High System Load
General Information
Troubleshooting high system load.
Checklist
Understanding System Load
Load average can be seen in both “uptime” and “top”. It shows the load average for the last “1 mins, 5 mins, and 15 mins”.
Traffic/Bridge analogy
Reposting takeaway here in case it goes away.
Source: ScoutBlog Load Average
On a Single Core CPU System
The server is a bridge operator.
Cars are processes.
Cars on the bridge are using CPU time.
Cars waiting to go on the bridge are waiting for CPU time (because the bridge is backed up and they cannot get CPU time immediately.
Load of 0.00 means there is no traffic on the bridge.
Load of 1.00 means the bridge is at capacity. No more cars(processes) at this very second can get CPU time without waiting.
Load over 1.00 means there is a backup.
Multi-CPU/Core Systems
Load is relative to how many CPUs are on the system.
1 CPU/Core = 100% is load 1.00
2 CPU/Cores = 100% is load 2.00
4 CPU/Cores = 100% is load 4.00
Example: From the analogy above, each CPU Core can actively process 1 bridge lane.
Calculate Overall CPU Load
The following tools are useful when troubleshooting system load.
Typically built in
top ⇒ live system process view
uptime ⇒ system uptime and load averages
vmstat ⇒ virtual memory stats (memory, swap, i/o, cpu)
Need to install (if using a minimal install base)
Base Repo
yum -y install iotop lsof sysstat
Troubleshooting Steps
Know how many processors you have. This is essential to determine if load is high. See “Understanding Load” above for more details.
grep -c proc /proc/cpuinfo
%Load (decimal) = (Load Average / Number Processors)
Example: Number of processors = 2, load average seen = 1.50
1.50 / 2 = 0.75 or 75% load on the processors
Check load averages
Uptime shows the load average for the last 1, 5, and 15 minutes. If it is too high or trending up, time to investigate further.
-
What kind of load
Use vmstat to determine what kind of system load. “vmstat 1” prints stats every 1 second.
-
Important columns to take note of:
CPU: “wa” ⇒ Time spent waiting for I/O. If high, something is probably heavily utilizing disk.
CPU: “id” ⇒ CPU time spent idle.
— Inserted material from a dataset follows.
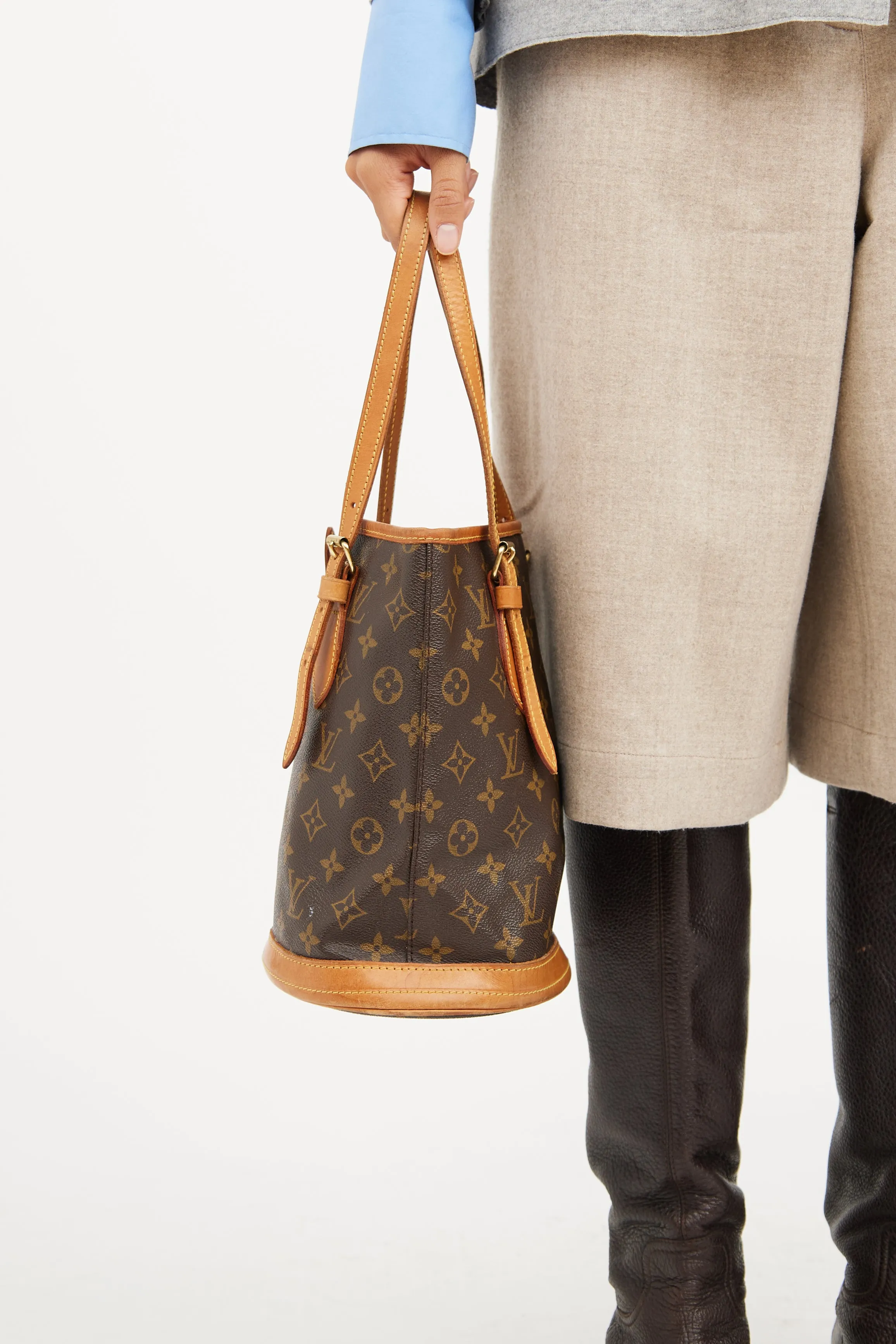 1993 Brown Monogram Petit Bucket Bag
If close to 0, CPU is used heavily.
CPU: “sy” ⇒ CPU time spent running system/kernel processes. Mail and firewalls are common causes of high system use.
CPU: “us” ⇒ CPU time spent running user processes. If high, investigate with top.
IO: “bi” ⇒ blocks received from block device each second. (If high, something is heavily reading a disk)
IO: “bo” ⇒ blocks sent to a block device each second. (If high, something is heavily writing to disk)
SWAP: “si” ⇒ Memory swapped in from disk each second.
SWAP: “so” ⇒ Memory swapped to disk each second.
If either are high, memory is most likely also very low.
MEMORY: “free” ⇒ memory free. If this is low, there is probably swapping going on as well.
Further investigate either high CPU/Memory use or Disk I/O
High CPU
Clues that you should investigate high CPU usage:
top
While in top:
High Memory Use
Notes on Linux memory management
Linux uses free memory in RAM as a buffer cache to speed up application performance.
When memory is needed, the buffer cache shrinks to allow other applications to use it.
Actual free memory = Memory Free + Buffers + Cached
Clues that you should investigate high memory usage:
Start top and sort by %mem usage
top -a
While in top:
Other memory columns (shift+ '<' or '>' to change sort columns)
VIRT = virtual memory size used: code, data, and shared libraries plus swapped pages.
RES = resident size: non-swapped physical memory a process is using
Disk I/O
Clues that you should investigate high Disk I/O:
High CPU “id” (idle)
High CPU “wa” (wait)
iostat - View I/O stats with extended statistics, every 3 seconds
iostat -x 3
iotop - Live disk I/O similar to top
iotop
lsof - If a particular device is discovered, another option for further details is to list open files for that mount point.